Le car­di­nal Rou­co Vare­la, arche­vêque de Madrid, rela­teur du tout der­nier synode des évêques euro­péens, n’est-il pas repré­sen­ta­tif d’une sen­si­bi­li­té nou­velle de l’épiscopat espa­gnol qui vou­drait une pré­sence plus offen­sive de l’Eglise dans la démo­cra­tie ? Quelles sont les chances de cette ten­ta­tive ?
A l’époque de la tran­si­tion poli­tique (Dada­glio-Tarancón), les milieux ecclé­sias­tiques domi­nants (pro­gres­sistes) ont esti­mé qu’il serait pré­fé­rable qu’aucun par­ti ne se qua­li­fie de chré­tien pour ne pas entra­ver la libre déci­sion poli­tique. On espé­rait sans doute que le par­ti le plus conser­va­teur (suc­ces­si­ve­ment : l’UDC, l’Alianza, le Par­ti­do Popu­lar) ferait du catho­li­cisme un élé­ment de son pro­gramme, au moins pour pou­voir comp­ter sur le vote catho­lique. Il n’en a pas été ain­si au point qu’aucun par­ti ne fait aujourd’hui men­tion d’une quel­conque ins­pi­ra­tion reli­gieuse.

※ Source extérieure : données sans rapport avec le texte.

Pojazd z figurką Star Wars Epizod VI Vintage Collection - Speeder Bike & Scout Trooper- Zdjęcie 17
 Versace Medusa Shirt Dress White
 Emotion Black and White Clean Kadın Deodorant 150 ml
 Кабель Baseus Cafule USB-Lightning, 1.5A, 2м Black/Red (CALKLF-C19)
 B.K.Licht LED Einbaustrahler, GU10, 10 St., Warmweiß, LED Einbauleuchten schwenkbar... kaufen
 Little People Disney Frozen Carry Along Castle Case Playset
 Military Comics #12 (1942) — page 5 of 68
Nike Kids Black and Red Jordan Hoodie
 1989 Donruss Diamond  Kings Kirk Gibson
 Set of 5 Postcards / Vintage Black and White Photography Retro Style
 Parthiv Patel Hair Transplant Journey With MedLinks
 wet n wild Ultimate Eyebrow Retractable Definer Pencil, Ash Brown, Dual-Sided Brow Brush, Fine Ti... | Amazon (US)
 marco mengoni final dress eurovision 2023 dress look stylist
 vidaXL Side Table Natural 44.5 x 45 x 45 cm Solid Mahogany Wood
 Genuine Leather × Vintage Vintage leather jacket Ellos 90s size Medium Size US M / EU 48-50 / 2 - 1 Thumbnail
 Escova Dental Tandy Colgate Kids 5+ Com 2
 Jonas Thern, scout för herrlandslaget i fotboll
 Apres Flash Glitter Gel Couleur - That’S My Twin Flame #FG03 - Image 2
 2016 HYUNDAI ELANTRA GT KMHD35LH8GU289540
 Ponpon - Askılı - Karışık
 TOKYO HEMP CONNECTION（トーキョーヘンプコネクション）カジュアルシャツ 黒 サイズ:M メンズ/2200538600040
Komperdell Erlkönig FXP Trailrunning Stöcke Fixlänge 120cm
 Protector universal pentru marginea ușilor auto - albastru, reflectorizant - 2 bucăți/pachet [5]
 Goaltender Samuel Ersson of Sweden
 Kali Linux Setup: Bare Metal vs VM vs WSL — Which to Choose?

C’est sans doute pour remé­dier, autant que pos­sible, à une situa­tion aus­si péna­li­sante qu’on a convo­qué un congrès sous les aus­pices de l’Université San Pablo-CEU (issue de l’ancienne Démo­cra­tie chré­tienne fon­dée par Her­re­ra Oria), patron­né par le nonce apos­to­lique (selon ce qu’on annon­çait, mais qui n’est pas venu, parce qu’il aurait été malade) et pré­si­dé par le car­di­nal Rou­co Vare­la, arche­vêque de Madrid, pré­sident de la Confé­rence épis­co­pale, sous le titre « Catho­liques et vie publique ». Dans ce congrès sont inter­ve­nus entre autres ora­teurs, des poli­ti­ciens qui ont mal­gré tout favo­ri­sé, par action ou par omis­sion, les lois sur le divorce, sur la dépé­na­li­sa­tion de l’avortement et de la por­no­gra­phie, sur l’homosexualité publique, etc. A pre­mière vue, il ne s’agit pas de créer un par­ti catho­lique mais de pas­ser une couche de ver­nis reli­gieux sur le par­ti conser­va­teur actuel­le­ment au pou­voir. Le congrès s’est d’ailleurs ache­vé sans que soient adop­tées des conclu­sions ou une décla­ra­tion finale.